原作小説では、このあとどうなったかは描かれていません。『野方耕市の軌跡』で吹原が登場しますが、ここで登場する吹原は『吹原和彦の軌跡(=クロノス)』の旅路の途中なので、来美子が救われた後は描かれていません。

一方で、キャラメルボックスでは『クロノス』で、他のクロノスシリーズの登場人物である鈴原樹里、枢月圭を登場させ、同じ世界線で描いていることから、吹原がこの後どうなったかということが示唆される演出が『クロノス』シリーズの各作品でちらほらと見受けられます。
この辺り、ずっとキャラメルボックスの作品を見続けているご褒美だったりするんですが。

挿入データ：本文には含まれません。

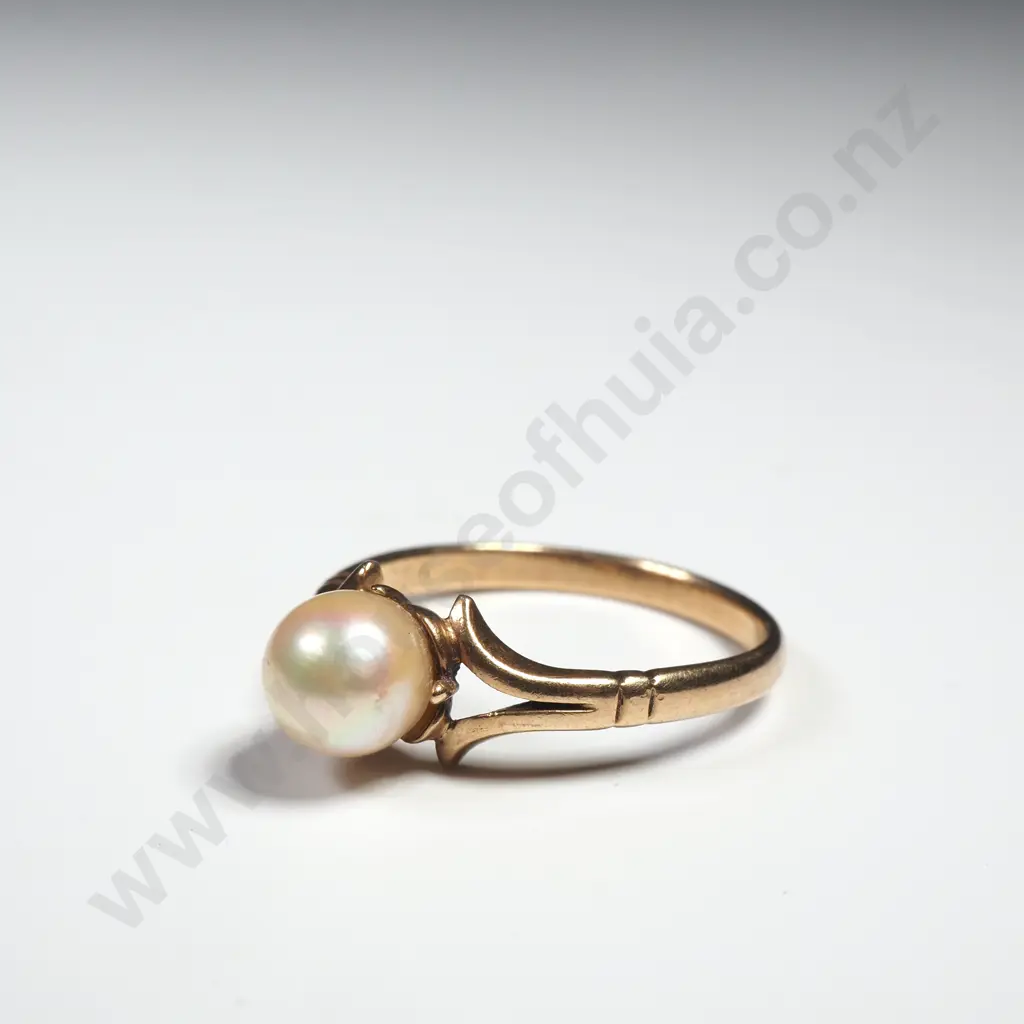 Vintage 9ct Gold Pearl Ring in Period Box Image 1++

で、あのラストシーンの暗転のあと、吹原がどうなるか……ですが、私の結論は『吹原は未来に弾き飛ばされる。ただし四千年以上先じゃない』です。

『クロノス』は、来美子が事故にあい、それを救いに吹原が何度もクロノス・ジョウンターで時間を跳躍する世界線で描かれています。仮にこの「来美子が死んでいる」世界線をAとします。
それが「吹原が来美子を救い出した」世界線Bに変わるというのが『クロノス』という物語だと私は解釈しました。

キャラメルボックスで描かれている他のクロノスシリーズは、Bの世界線の延長上にある物語です。

『クロノス』の物語は、吹原が来美子を救った瞬間にBの世界線に切り替わるので、ラストシーンの暗転後、世界線Aの吹原は来美子の目の前からやはりクロノス・ジョウンターによる時間流の反発を受けて未来に弾き飛ばされると考えます。

で、そういう考えの元に、私が妄想する吹原の未来、『クロノス』の妄想エンディングはこの2つ。

まずは世界線Bに移行した来美子視点の物語世界

助かった来美子を前に笑みを浮かべる吹原、その姿が消える。
炎に包まれるシック・ブーケを前に、消えた吹原を思い何も考えられない来美子。
そこへ全速力で駆けてくる吹原の姿が見え、来美子はカエルのブローチを握りしめる。

ここの吹原は、来美子が死ぬ世界を知らない世界線Bの吹原ですね。だから吹原を描くよりもここからは来美子を描いた方が良いなぁと。
この後、来年5月の次回公演『あしたあなたあいたい』での野方への来美子の行動に繋がります。

さて、問題の世界線Aの吹原視点の物語世界ですが、

強い風が吹原を吹き付ける、もう抵抗はしない。
目の前の来美子の顔を目に焼き付けて吹原は風にその身を任せた。
目を覚ますとそこには一人の女性が美しい笑みを浮かべている。
「お帰りなさい、吹原くん」

ここは結構願望が入っちゃうんですが、2078年の科幻博物館に戻ってくる。Aの世界線上でも吹原が来美子を救ったことにより、Aの世界線上でも吹原が過去に飛んだ2078年以降は「来美子が生きていた世界線」A’に再構築されるわけです。
原作の『野方耕市の軌跡』で片倉珠貴が生きていたので、そうなるんじゃないかと。とは言え、野方はパーソナル・ボグを付けていたとか諸要件が違うので、ちょっと強引なところは拭えませんが、kikiさんの妄想を取り入れて、元の時間に戻れるようになっていたと思いたいところ。
この後、二人でさちえのいる病院に行って、吹原はさちえと海老名と再会する、と。

ちなみに野方耕市さんですが、キャラメルボックスの『南十字星駅で』は世界線B、原作『野方耕市の軌跡』は世界線Aの物語と考察しています。

どちらの吹原にも、来美子にも幸せになって欲しいよなぁ……と、そんな妄想でした。